There are no zero predictions in this model which is not accurate. We will try to address this in our last model
Adjusted Perceived Quality Plus Model
We will start with the predictions from preceived quality plus model. We will then manually override the the predictions that have the stars filled in with a predicted zero.
temp <- test
temp$yhat <- round(predict.glm(model4, newdata=temp, type="response"), 0)
temp <- temp %>%
mutate(yhat = ifelse(STARS_imputed == 1, 0, yhat))
model5_results <- evaluate_model(model4, test, temp$yhat)
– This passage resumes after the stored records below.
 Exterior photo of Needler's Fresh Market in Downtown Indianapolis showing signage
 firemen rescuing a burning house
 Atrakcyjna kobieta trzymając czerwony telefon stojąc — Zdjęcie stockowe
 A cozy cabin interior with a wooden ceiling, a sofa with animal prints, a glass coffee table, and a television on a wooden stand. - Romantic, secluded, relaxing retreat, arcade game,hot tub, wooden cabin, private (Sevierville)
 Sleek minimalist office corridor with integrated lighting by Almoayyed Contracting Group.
yhat | 0 | 1 | 2 | 3 | 4 | 5 | 6 | 7 | 8 |
---|---|---|---|---|---|---|---|---|---|
0 | 617 | 42 | 92 | 137 | 68 | 29 | 10 | 4 | 0 |
1 | 1 | 0 | 0 | 1 | 0 | 0 | 0 | 0 | 0 |
2 | 59 | 29 | 90 | 71 | 22 | 5 | 1 | 0 | 0 |
3 | 113 | 5 | 130 | 420 | 367 | 91 | 4 | 0 | 0 |
4 | 30 | 0 | 11 | 146 | 387 | 288 | 59 | 2 | 0 |
5 | 0 | 0 | 1 | 7 | 96 | 136 | 63 | 9 | 0 |
6 | 0 | 0 | 0 | 1 | 13 | 48 | 63 | 24 | 4 |
7 | 0 | 0 | 0 | 0 | 0 | 7 | 19 | 7 | 4 |
8 | 0 | 0 | 0 | 0 | 0 | 0 | 3 | 1 | 0 |
We see that applying the adjustment based on if the stars are imputed increased the correct number of cases where it should be predicted as a zero. It also introduced some underestimation.
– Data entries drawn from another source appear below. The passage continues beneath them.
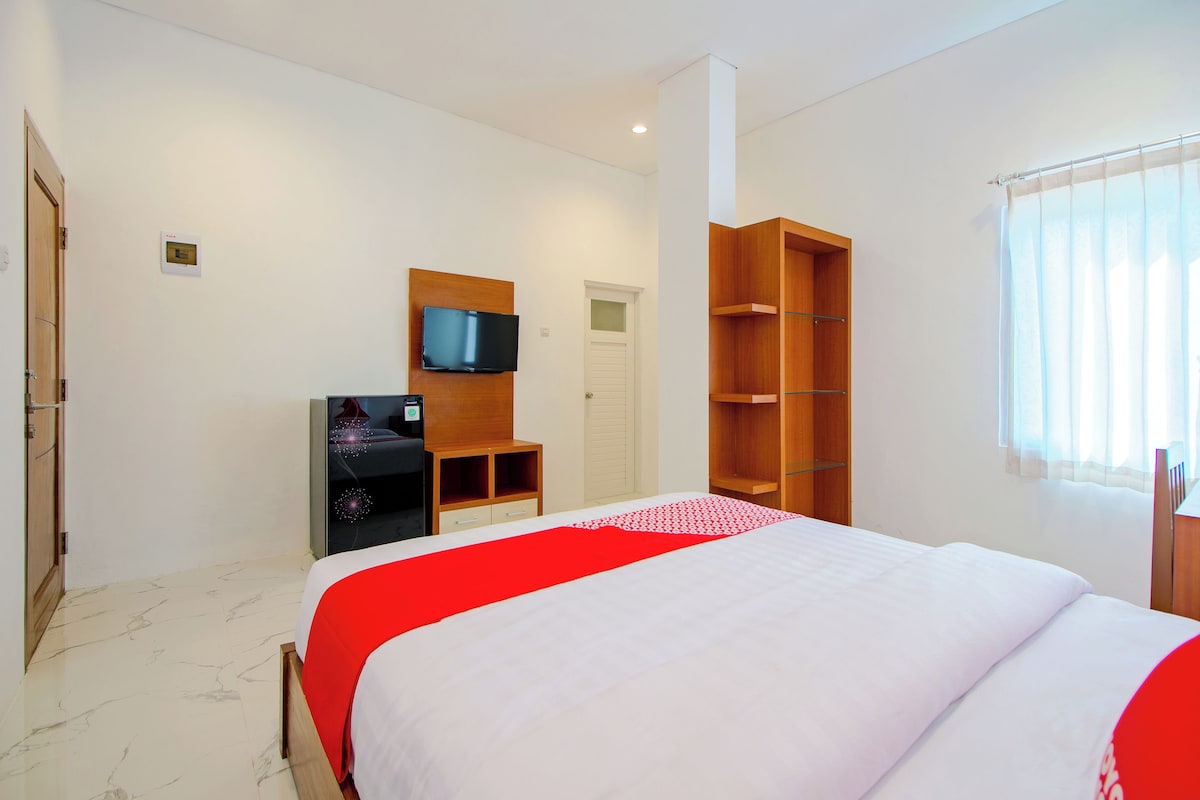 Habitación de hotel con cama, televisor, armario y ventana con cortinas.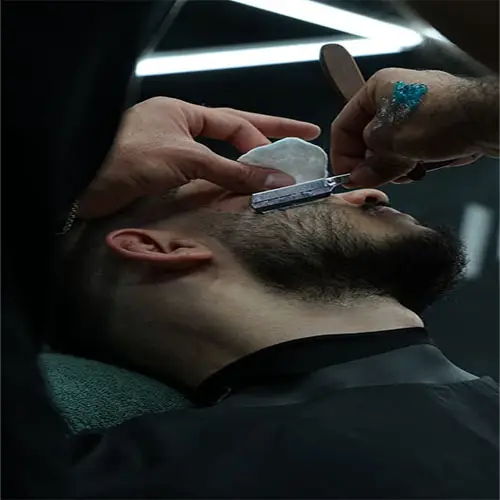 picture of costumer waxing his beard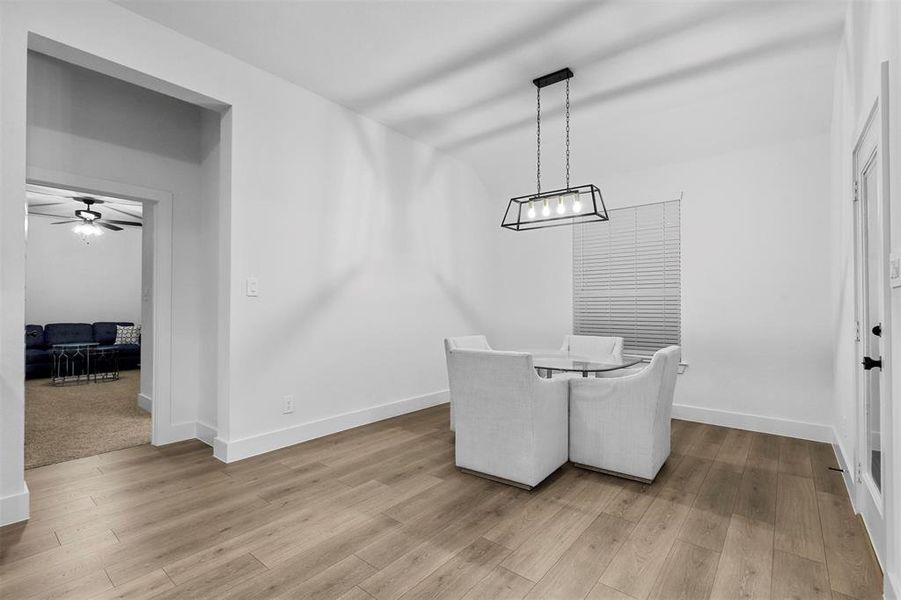 Dining space featuring light hardwood / wood-style floors and ceiling fan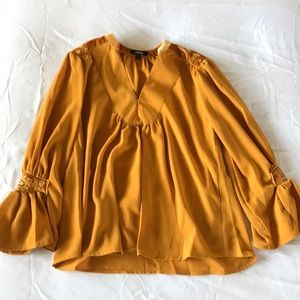 Golden yellow long-sleeve blouse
We would expect to have 9671 net cases sold using this model (with a net of 7839 and adjusted net of 5880). Looking at the confusion matrix we see this model is accurate only 1145 out of 3837 times.
Model Selection
The following is a summary of the five models
Model | Number of Cases Sold | Number of Cases Overestimated to Sell | Missed Opportunities | Times Accurate |
---|---|---|---|---|
Chemical Property Model 1 | 8589 | 2944 | 3041 | 781 |
Chemical Property Model 2 | 8574 | 2931 | 3056 | 784 |
Perceived Quality Model | 9342 | 2271 | 2288 | 979 |
Perceived Quality Plus Model | 9671 | 1832 | 1959 | 1145 |
Adjusted Perceived Quality Plus Model | 9262 | 1145 | 2368 | 1720 |
The Perceived Quality Plus Model
has the most cases sold out of the models. However the Adjusted Perceived Quality Plus Model
has the highest accuracy. One of the reasons why the Perceived Quality Plus Model
predicted more cases sold is because we forced more zero predictions in the Adjusted Perceived Quality Plus Model
.
If we subtract out the waste from overestimation the Adjusted Perceived Quality Plus Model
is the best model. This has real business consequences as having extra cases of wine on hand that don’t sell becomes a real cost to a business. For these two reasons it will be the model of choice in producing estimates for the hold out datase.